[[ Information provided, beginning ]]

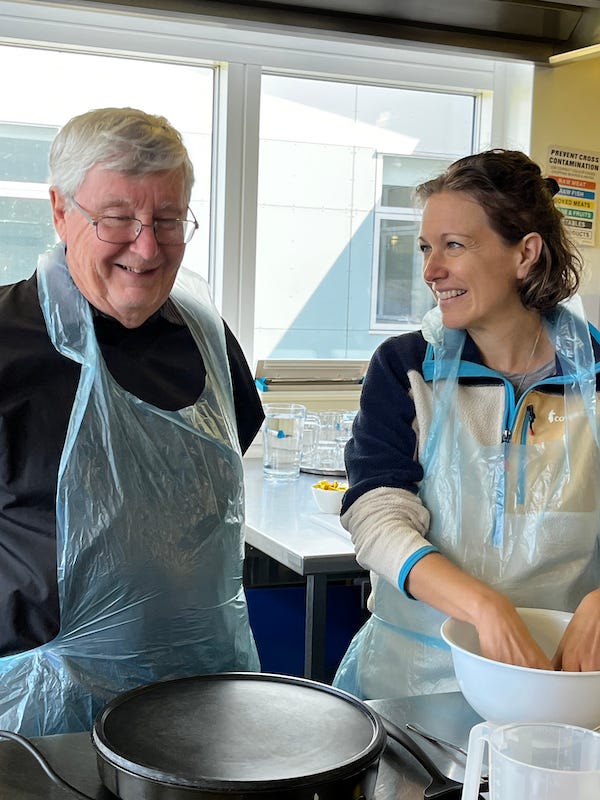 2025-6-26 Becky mixing the dough with John, photo by Nikki Taylor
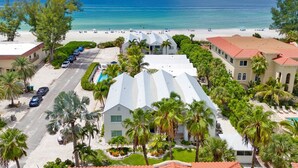 A resort with a pool, beach access, and a view of the ocean.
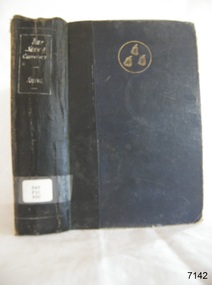 A blue hard cover with a black stripe, a golden emblem, book's name on the spine in white font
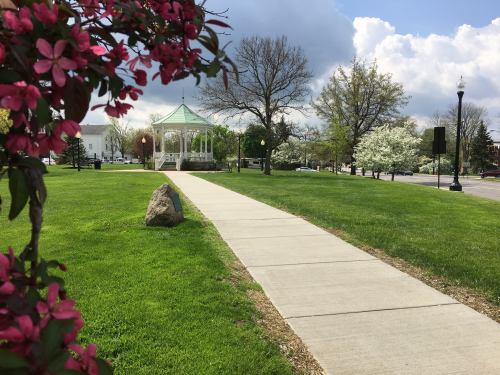 A park scene featuring a pathway leading to a gazebo, surrounded by blooming trees and colorful flowers.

[[ Information provided, end ]]

Assignment >> Write the material out again exactly as it appears, dropping the pictures.

Result for this task >>
 2025-6-26 Becky mixing the dough with John, photo by Nikki Taylor
 A resort with a pool, beach access, and a view of the ocean.
 A blue hard cover with a black stripe, a golden emblem, book's name on the spine in white font
 A park scene featuring a pathway leading to a gazebo, surrounded by blooming trees and colorful flowers.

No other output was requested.